Last month, DriveNets disaggregated router added 400G-port routing support (via whitebox routers using the aforementioned Broadcom chipset).  The latest Network Cloud hardware and software is now being tested and certified by an undisclosed tier-1 Telco customer.

“Just like hyper-scale cloud providers have disaggregated hardware and software for maximum agility, DriveNets is bringing a similar approach to the service provider router market. It is impressive to see it coming to life, taking full advantage of the strength and scale of our Jericho2 device,” said Ram Velaga, Senior Vice President and General Manager of the Switch Products Division at Broadcom.

Network Cloud control-plane runs on a separate compute server and is based on containerized microservices that run different routing services for different network functions (Core, Edge, Aggregation, etc.). Where they are co-located, service-chaining allows sharing of the same infrastructure for all router services. 

Multi-layer resiliency, with auto failure recovery, is a key feature of Network Cloud.  There is inter-router redundancy and geo-redundancy of control to select a new end to end path by routing around points of failure.

Network Cloud’s orchestration capabilities include Zero Touch Provisioning, full life cycle management and automation, as well as superior diagnostics with unmatched transparency.  These are illustrated in the figures below:

Image Courtesy of DriveNets


Future New Services:

Network Cloud is a platform for new revenue generation.  For example, adding 3rd party services as separate micro-services, such as DDoS Protection, Managed LAN to WAN, Network Analytics, Core network and Edge network.

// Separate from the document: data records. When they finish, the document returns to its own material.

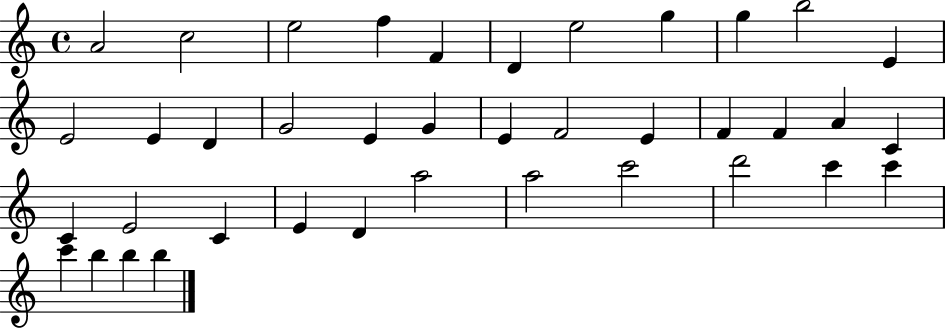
{
  \clef treble
  \time 4/4
  \defaultTimeSignature
  \key c \major
  a'2 c''2 | e''2 f''4 f'4 | d'4 e''2 g''4 | g''4 b''2 e'4 | \break e'2 e'4 d'4 | g'2 e'4 g'4 | e'4 f'2 e'4 | f'4 f'4 a'4 c'4 | \break c'4 e'2 c'4 | e'4 d'4 a''2 | a''2 c'''2 | d'''2 c'''4 c'''4 | \break c'''4 b''4 b''4 b''4 | \bar "|."
}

“Unlike existing offerings, Network Cloud has built a disaggregated router from scratch. We adapted the data-center switching model behind the world’s largest clouds to routing, at a carrier-grade level, to build the world’s largest Service Providers’ networks. We are proud to show how DriveNets can rapidly and reliably deploy technological innovations at that scale,” said Ido Susan CEO and Co-Founder of DriveNets in a press release.